Supplied material:
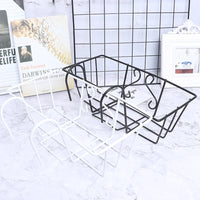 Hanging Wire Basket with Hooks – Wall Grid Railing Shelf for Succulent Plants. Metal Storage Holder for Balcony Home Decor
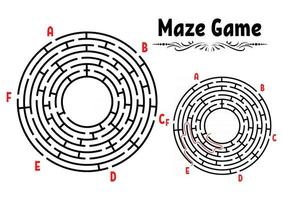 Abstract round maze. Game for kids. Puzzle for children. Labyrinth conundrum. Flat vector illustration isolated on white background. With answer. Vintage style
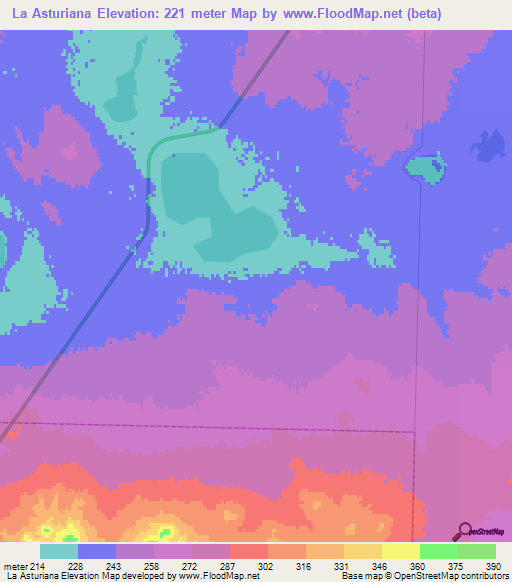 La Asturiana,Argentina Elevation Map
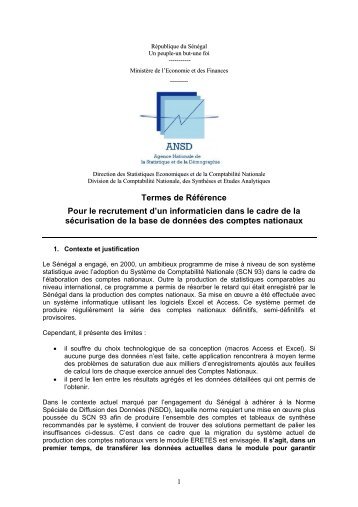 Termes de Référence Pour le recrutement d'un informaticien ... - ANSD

--

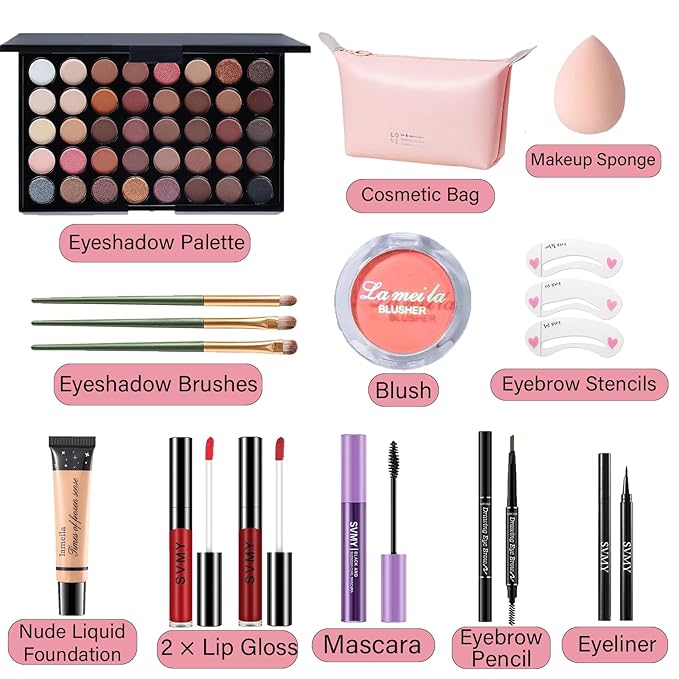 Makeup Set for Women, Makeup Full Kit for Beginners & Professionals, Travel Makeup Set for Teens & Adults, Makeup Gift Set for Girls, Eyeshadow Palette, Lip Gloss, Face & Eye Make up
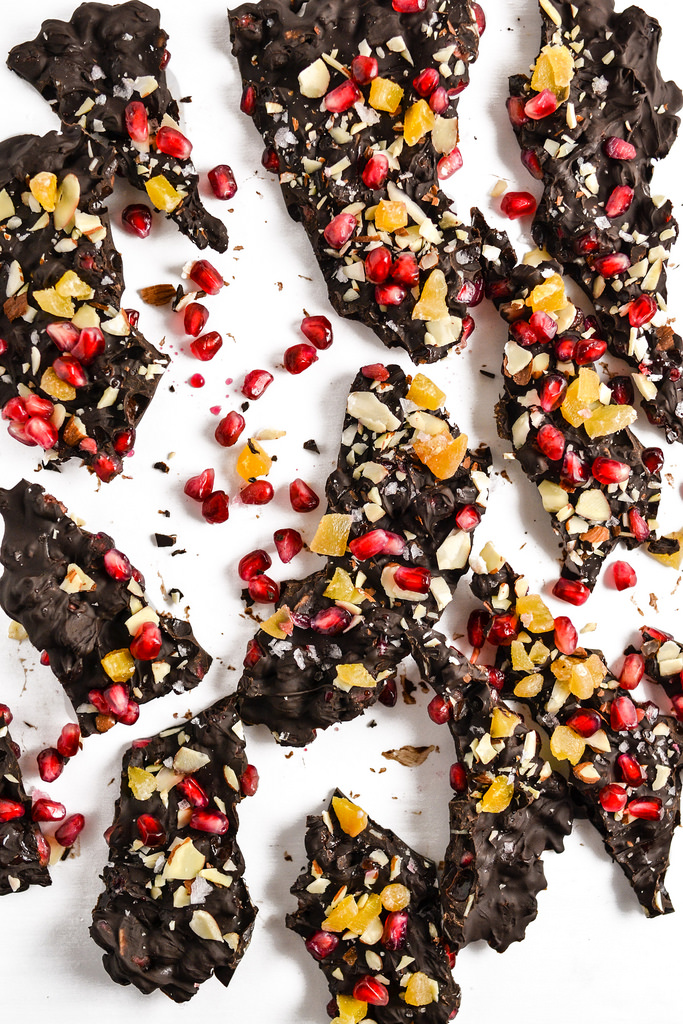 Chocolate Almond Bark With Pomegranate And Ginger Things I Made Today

Exercise brief:
In the listing above, find the line with "Hanging Wire Basket" and the line with "Termes de Référence". Output both, plus every line between them, and no pictures.

Task solution:
 Hanging Wire Basket with Hooks – Wall Grid Railing Shelf for Succulent Plants. Metal Storage Holder for Balcony Home Decor
 Abstract round maze. Game for kids. Puzzle for children. Labyrinth conundrum. Flat vector illustration isolated on white background. With answer. Vintage style
 La Asturiana,Argentina Elevation Map
 Termes de Référence Pour le recrutement d'un informaticien ... - ANSD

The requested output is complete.